2018-03-11 Thread Christoph Hormann
On Sunday 11 March 2018, Matthijs Melissen wrote:
>
> Just something I'd like to clarify: many of you seem to assume this
> introduces a new tagging paradigm. The opposite is true: the proposal
> uses a tagging scheme that is already used in about 90 percent of the
> countries, and the retagging request only concerns the exceptions.
> You might or might not agree with this tagging scheme, but it is the
> way things are currently done in most countries.

As several people have pointed out admin_level tagging on boundary ways 
is essentially a relict from past times were boundary relations were 
not yet established.

OSM-Carto continued rendering boundaries both from relations *and* ways 
until November 2015 
(https://github.com/gravitystorm/openstreetmap-carto/pull/1938 and 
https://github.com/gravitystorm/openstreetmap-carto/pull/1989).  Since 
then it uses relations only (except for the closed way case - see 
https://github.com/gravitystorm/openstreetmap-carto/issues/2663).

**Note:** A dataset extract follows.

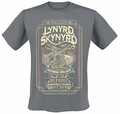 Gnrique Lynyrd Skynyrd Southern Straight T-Shirt Manches Courtes Anthracite
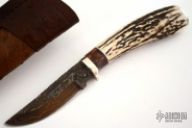 Damascus & Sambar Stag Hunter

Although this decision was already overdue back then mappers obviously 
also continued to use the old form of tagging afterwards in some cases. 
But it is the task of the standard style to support mappers in their 
decision to use relations as the primary form of mapping boundaries - 
which has very wide support in the mapper community because it is 
immediately obvious to most that this is a much more efficient and less 
error prone way to map boundaries.  This is a completely normal process 
in OSM - just like with old style multipolygon tagging, wood=* vs. 
leaf_type/leaf_cycle or highway=ford vs. ford=yes.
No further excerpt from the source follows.